The bridges of Prospect Park run the gamut from rustic to elaborate, but one phrase not usually used to describe them is technologically groundbreaking. However, the Cleft Ridge Span is just that. The bridge’s elaborate tile work isn’t composed of terra cotta or carved stone but cast concrete; a new advent at the time of the span’s construction.
The idea to use cast concrete was an experiment of sorts. Originally, the plan was to use brick or granite, but park designers Olmsted and Vaux proposed a new mixture to save money. Cast concrete, also known as Béton Coignet after its creator Francois Coigne, was brought to the United States in 1869 by the New York & Long Island Coignet Stone Company. It was this firm that Olmsted and Vaux collaborated with to construct the Cleft Ridge Span.

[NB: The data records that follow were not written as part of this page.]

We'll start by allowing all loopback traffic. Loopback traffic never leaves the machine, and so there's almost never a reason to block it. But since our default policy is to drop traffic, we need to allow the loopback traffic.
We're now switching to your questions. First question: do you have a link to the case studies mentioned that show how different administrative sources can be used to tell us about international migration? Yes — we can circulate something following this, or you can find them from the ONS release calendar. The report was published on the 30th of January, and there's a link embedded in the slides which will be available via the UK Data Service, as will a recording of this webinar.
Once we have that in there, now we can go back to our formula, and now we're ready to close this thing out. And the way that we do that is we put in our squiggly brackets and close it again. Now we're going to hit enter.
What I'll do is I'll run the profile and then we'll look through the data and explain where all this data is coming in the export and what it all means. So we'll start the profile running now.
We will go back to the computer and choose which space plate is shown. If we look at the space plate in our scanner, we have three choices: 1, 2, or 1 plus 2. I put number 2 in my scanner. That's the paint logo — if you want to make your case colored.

When the span was completed in 1872, the company also completed construction on its headquarters along the Gowanus Canal.
Because the span utilized a repeating pattern, it was easy to cast the elaborate design for its ceiling. It also saved the park a large sum of money, with the final cost amounting to $20,000. Utilizing stone during construction would have cost over 10 times the amount.

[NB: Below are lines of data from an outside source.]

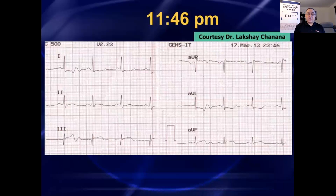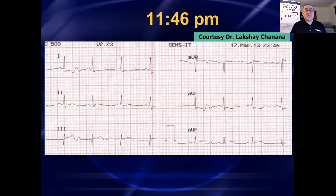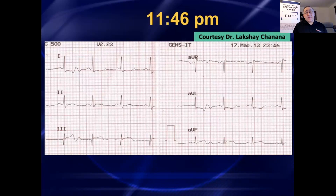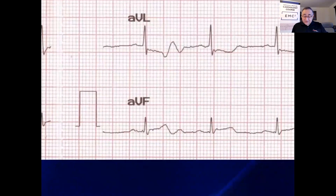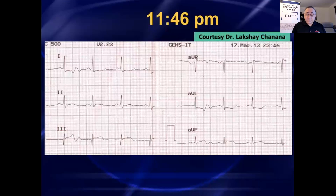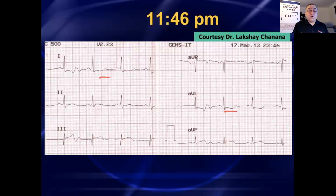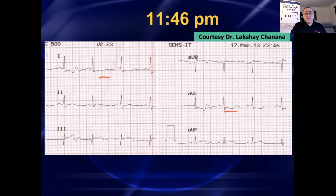Here's the repeat 12-lead. I'll blow up the inferior leads for you. Now when you look at these inferior leads in a live audience, I ask how many would thrombolyze the patient, and almost all hands rise because now the patient does appear to have ST elevation — a little more clear-cut in lead 3 and also in lead AVF. So two contiguous leads. There's also perhaps some reciprocal depression, which was present on the prior 12-lead as well. And that's exactly what Dr. Chinana did — he gave the patient streptokinase.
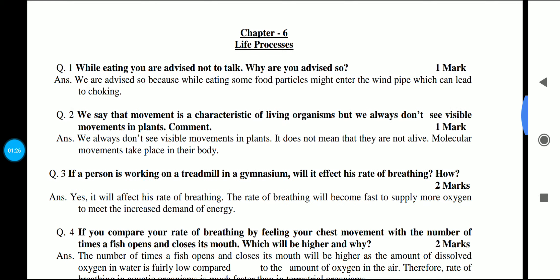While eating, you are advised not to talk. This is a common thing — but why are you advised so? Because while eating, some food particles might enter the windpipe, which can lead to choking. Food should enter the food pipe, not the windpipe. So this is why we are advised not to talk while eating. Simple — 1 mark answer.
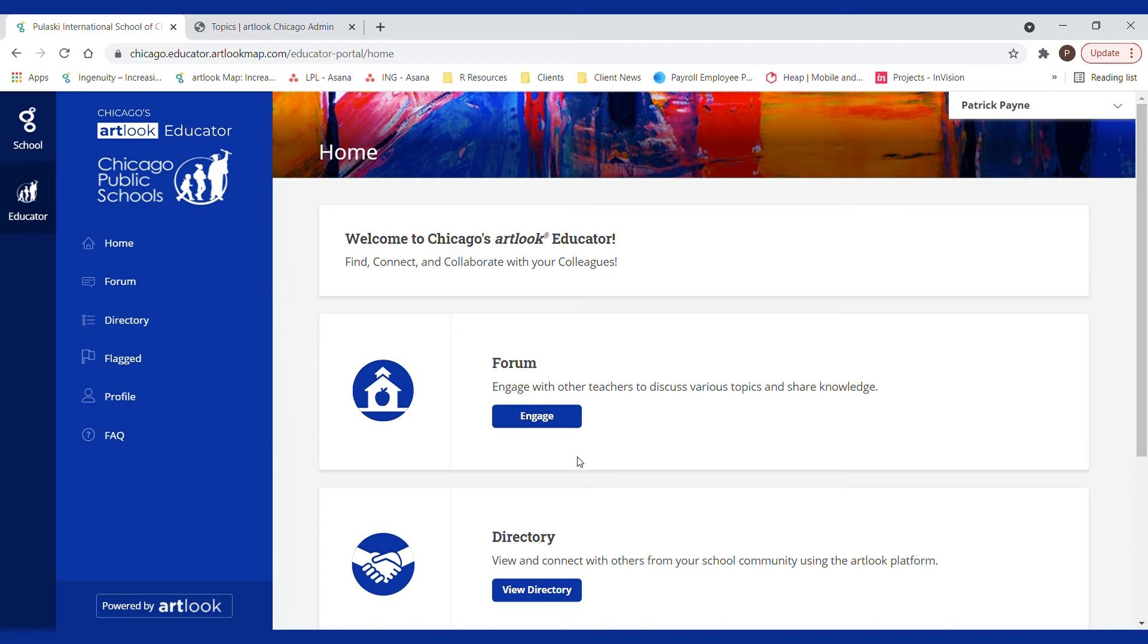One of the exciting things about ArtLook Educator is that now you can connect with all the other arts teachers in the city of Chicago.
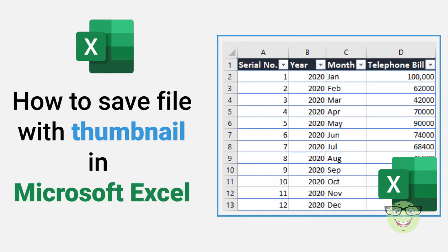Hi everyone. Today I'm going to show you how to save a file with thumbnail in Microsoft Excel. Any Office file can be saved with a thumbnail image that can help us recognize and manage files accordingly.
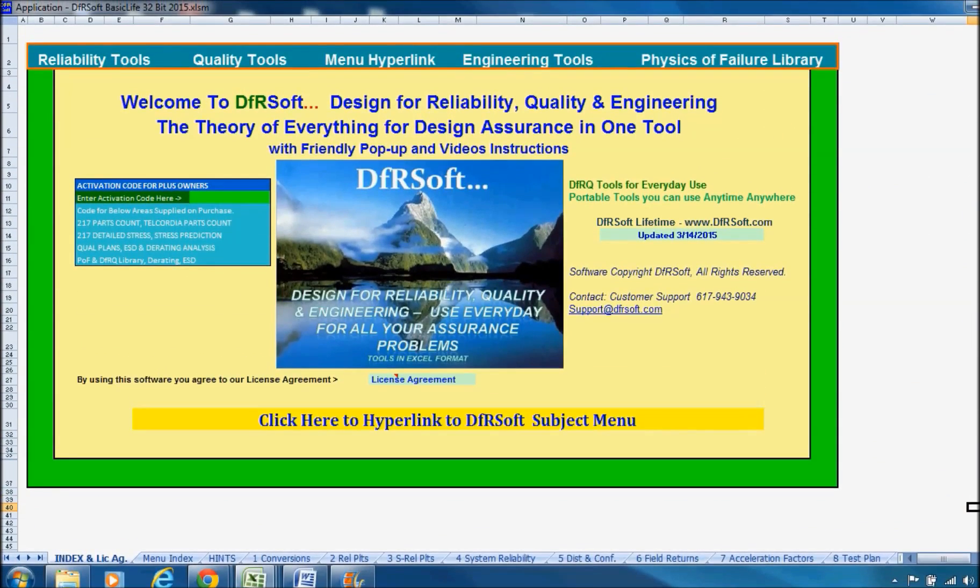Hi, welcome to TFRsoft's instructional tutorial on lot sampling. This is a great video if you're interested in lot sampling.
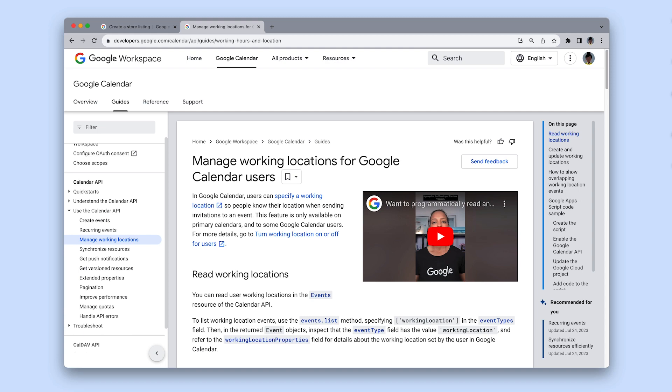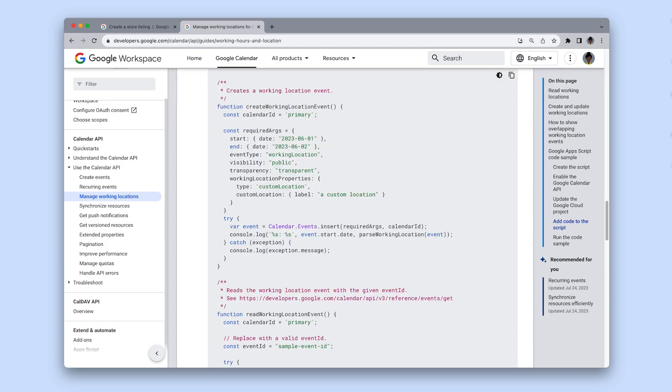To help you get started using this new feature, there is detailed information in the developer documentation including code samples. Check out the description below to access the link to this information.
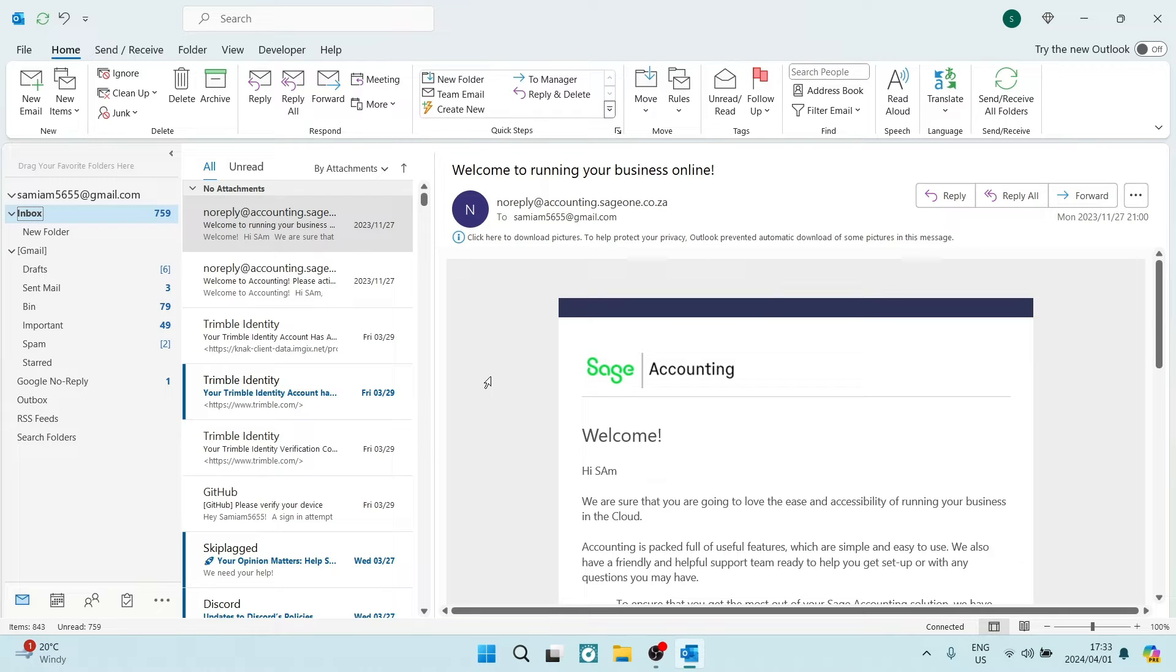Ladies and gentlemen, welcome to the channel. I'm going to show you how to change your subject line while replying in Microsoft Outlook.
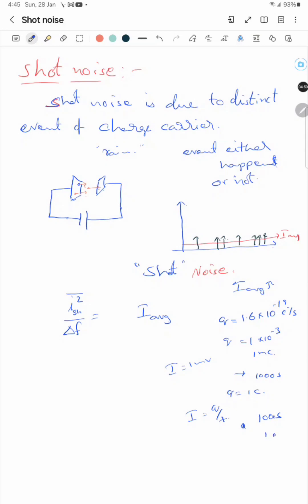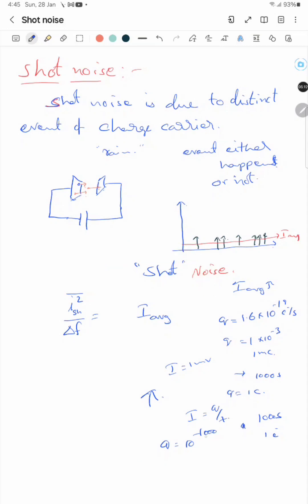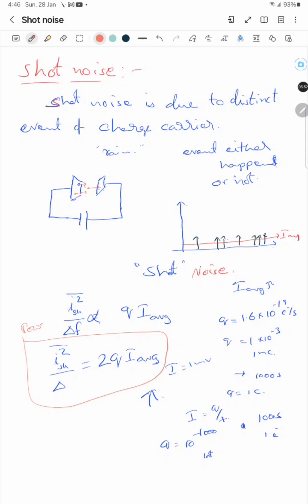That means for almost a thousand seconds there is no current, and then a gigantic amount of charge passes — creating more noise. Conversely, if the charge of the electron were extremely small, many electrons would pass and the noise disturbance would be less. So if charge is more, noise is more. Shot noise power is proportional to average current and amount of charge, with a proportionality constant of 2. This is the power spectral density of shot noise.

Less successful, however, was the idea to add color to the cast concrete tiles. While the exterior designs were left an au naturel gray, the interior was meant to be colored red, yellow, and blue. The coloring was faint and, over time, faded to the pale greenish hue that is seen today. After two years of wear and tear, Olmsted and Vaux were highly satisfied with the span’s durability and recommended that cast concrete be used in the construction of a fountain basin at Grand Army Plaza.
In addition to its elaborate design, the span is also appreciated by park-goers for how well it reverberates sound. Occasionally, a musician may set up underneath to take advantage of the acoustics.
Know Before You Go
The span is located just north of the Concert Grove, connecting that area with the boathouse. The closest park entrance is on Lincoln Road. Visitors can find the span by crossing East Drive and then taking the path that leads down.